- _TASK TO COMPLETE_:
The line with "レースフリル付きスリムフィッ" and each line following it, up to the final line of the data, should be set down exactly; pictures stay out.

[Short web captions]

▶

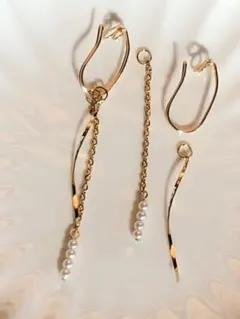 ウェーブスティック＆パール付きロングチェーン◇両耳◇イヤーカフ◇イヤリング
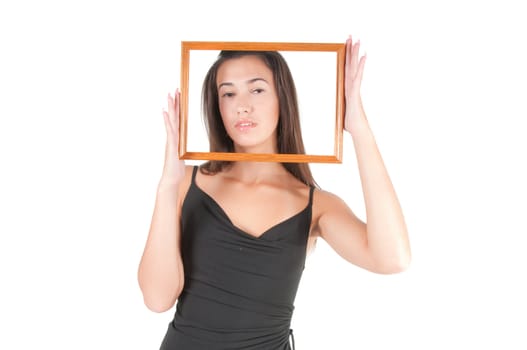 Woman with frame, studio shot, isolated on white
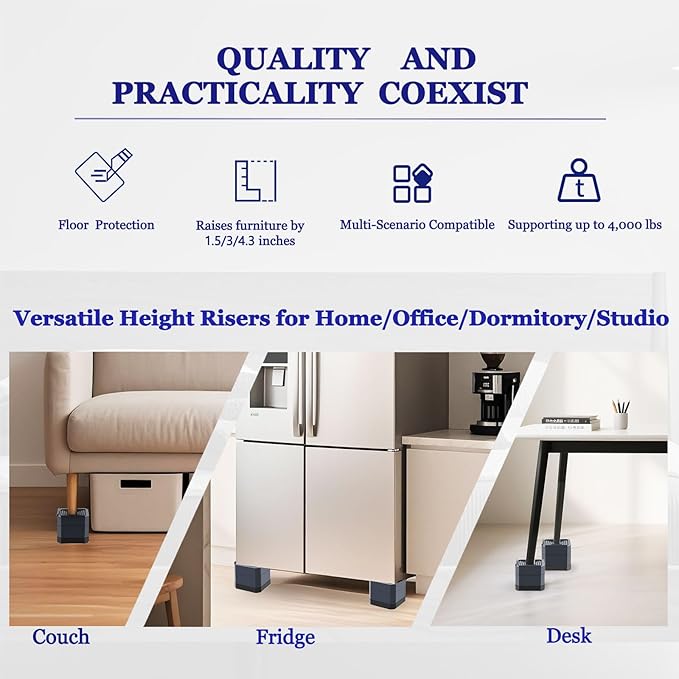 Bed Risers Heavy Duty, Adjustable Furniture Riser Blocks Lift 1.5, 4.3 inches - Image 4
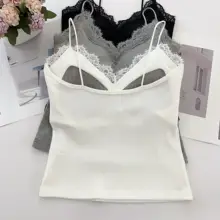 レースフリル付きスリムフィットキャミソール【胸パッド付き・背中美しいデザイン・女性用】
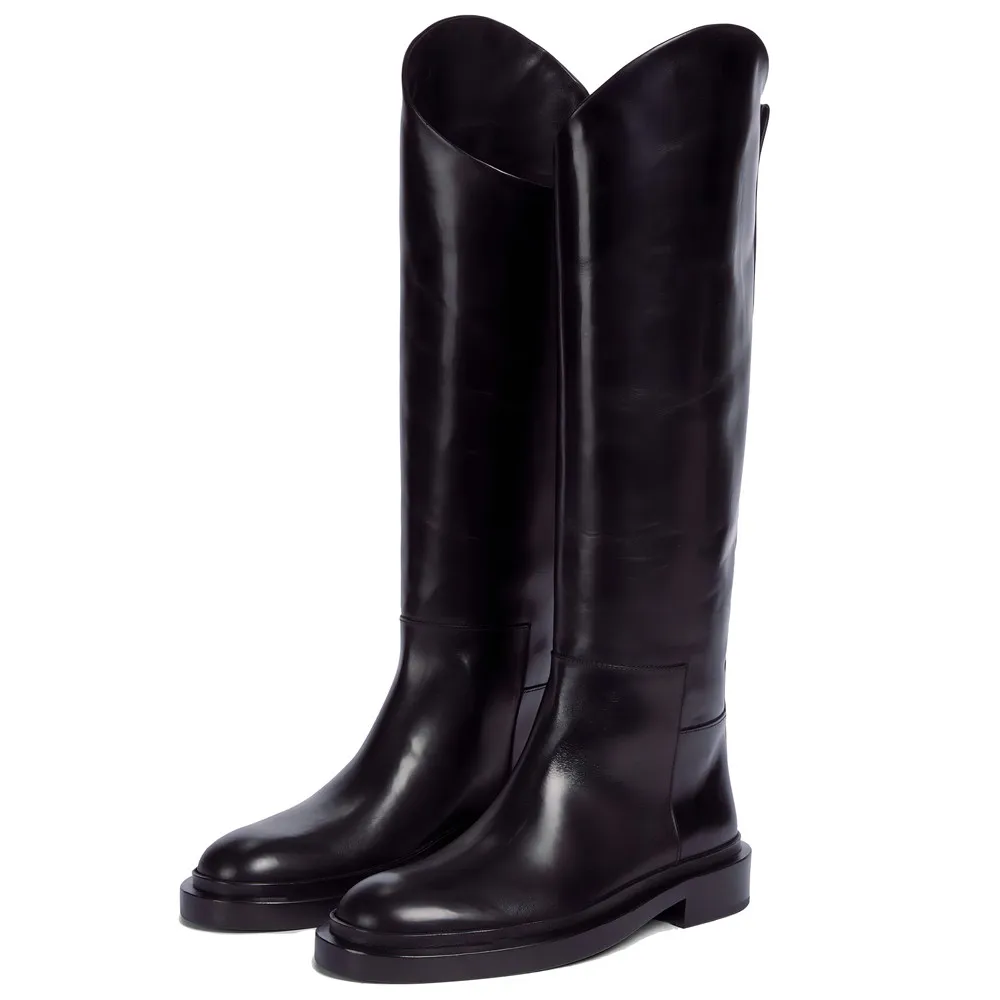 Classics Women Autumn Winter Knee High Boots For Woman's Round Toe Slip-On Flats Square Heels Knight Botas Mujer Leather Boots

◀

- _ANSWER BELOW_:
 レースフリル付きスリムフィットキャミソール【胸パッド付き・背中美しいデザイン・女性用】
 Classics Women Autumn Winter Knee High Boots For Woman's Round Toe Slip-On Flats Square Heels Knight Botas Mujer Leather Boots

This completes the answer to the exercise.